• _WORK INSTRUCTION_: An exact copy of the lines of the listing below between the "Saint Laurent Calfskin" line and the "Inner Layer Speaker" line, both included, is the whole answer; please omit the pictures.

• _INFORMATION SHOWN_:

***

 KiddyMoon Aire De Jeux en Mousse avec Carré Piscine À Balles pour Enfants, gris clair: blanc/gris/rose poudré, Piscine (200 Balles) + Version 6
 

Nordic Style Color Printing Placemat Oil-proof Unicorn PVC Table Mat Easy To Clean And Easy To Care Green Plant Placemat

***

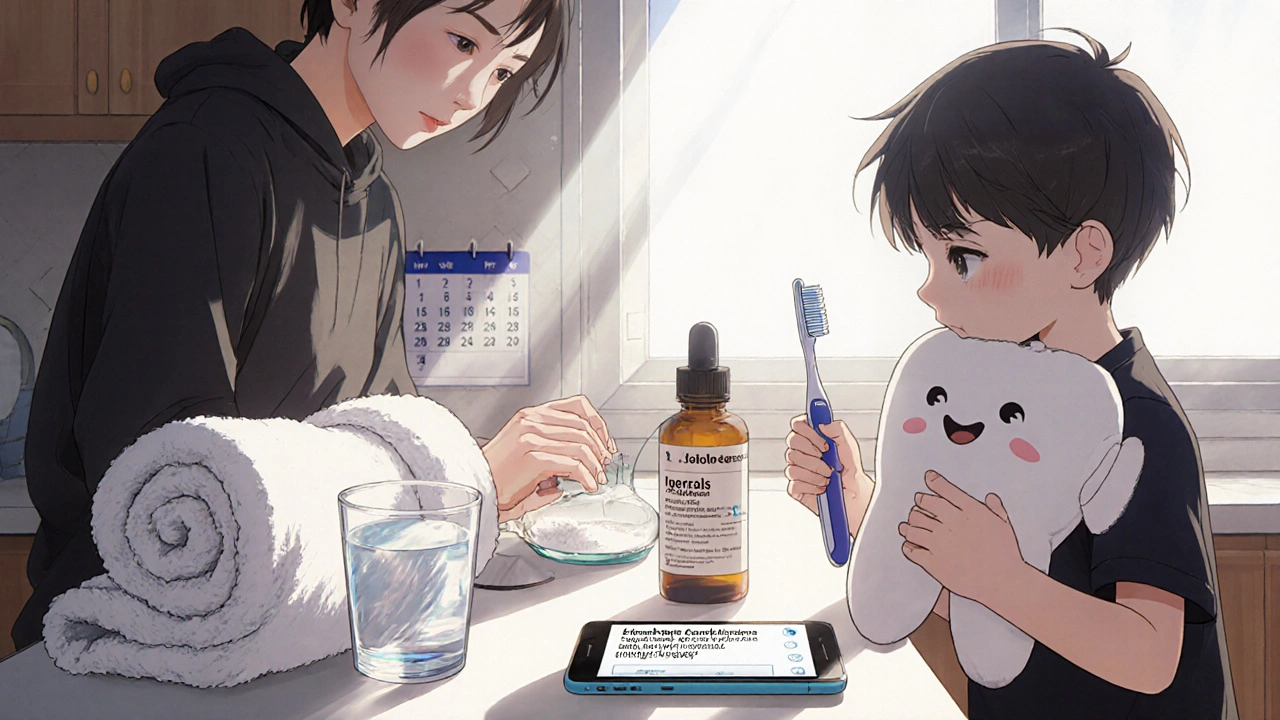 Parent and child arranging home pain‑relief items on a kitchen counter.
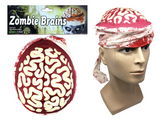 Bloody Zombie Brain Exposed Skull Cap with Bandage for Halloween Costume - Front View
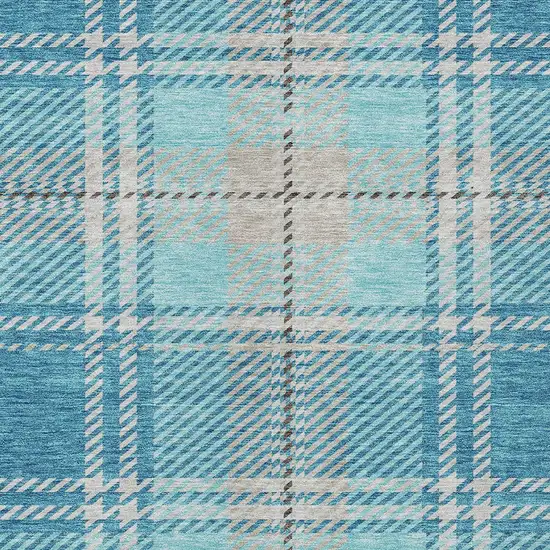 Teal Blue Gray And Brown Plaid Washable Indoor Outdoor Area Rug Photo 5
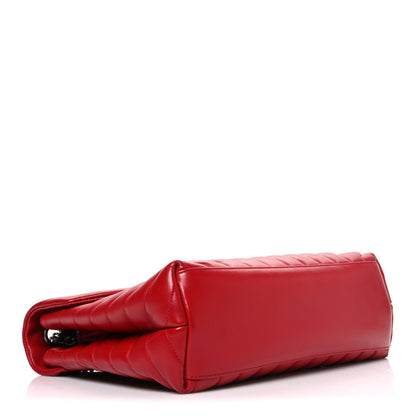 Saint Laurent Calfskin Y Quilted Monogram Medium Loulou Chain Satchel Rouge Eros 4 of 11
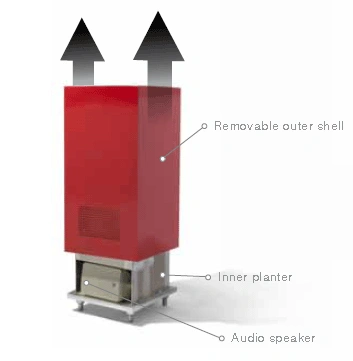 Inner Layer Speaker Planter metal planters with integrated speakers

***

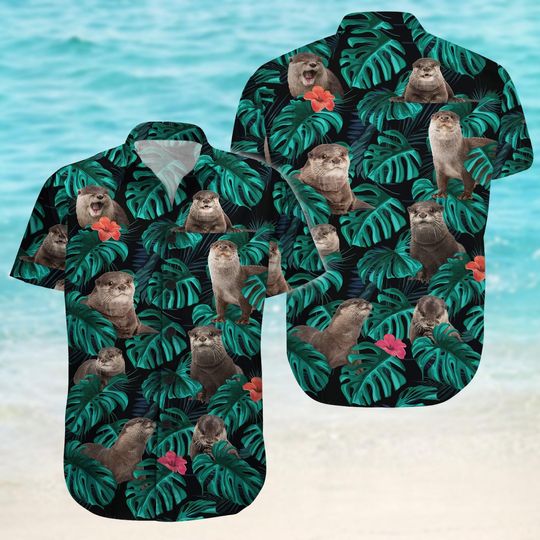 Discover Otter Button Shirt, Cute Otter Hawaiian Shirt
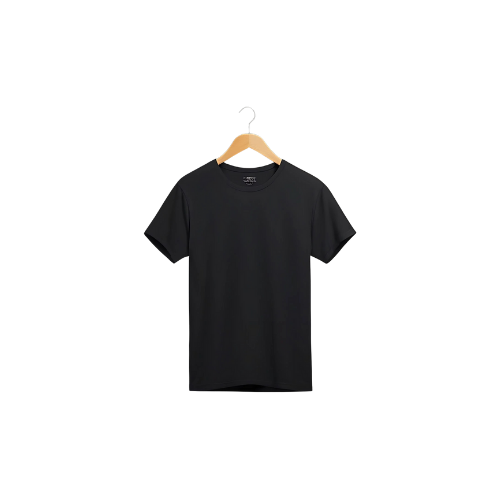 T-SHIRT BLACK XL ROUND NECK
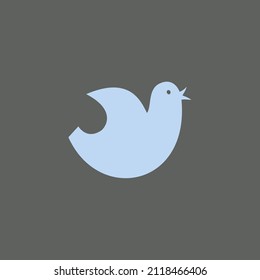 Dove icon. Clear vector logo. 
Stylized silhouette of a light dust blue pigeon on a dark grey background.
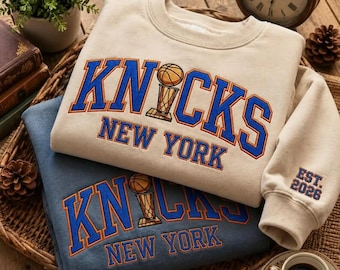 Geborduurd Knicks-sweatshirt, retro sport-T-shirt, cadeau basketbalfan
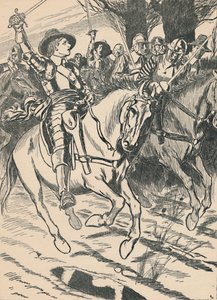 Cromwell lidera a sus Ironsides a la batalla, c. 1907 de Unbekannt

***

• _ANSWER BOX_:
 Saint Laurent Calfskin Y Quilted Monogram Medium Loulou Chain Satchel Rouge Eros 4 of 11
 Inner Layer Speaker Planter metal planters with integrated speakers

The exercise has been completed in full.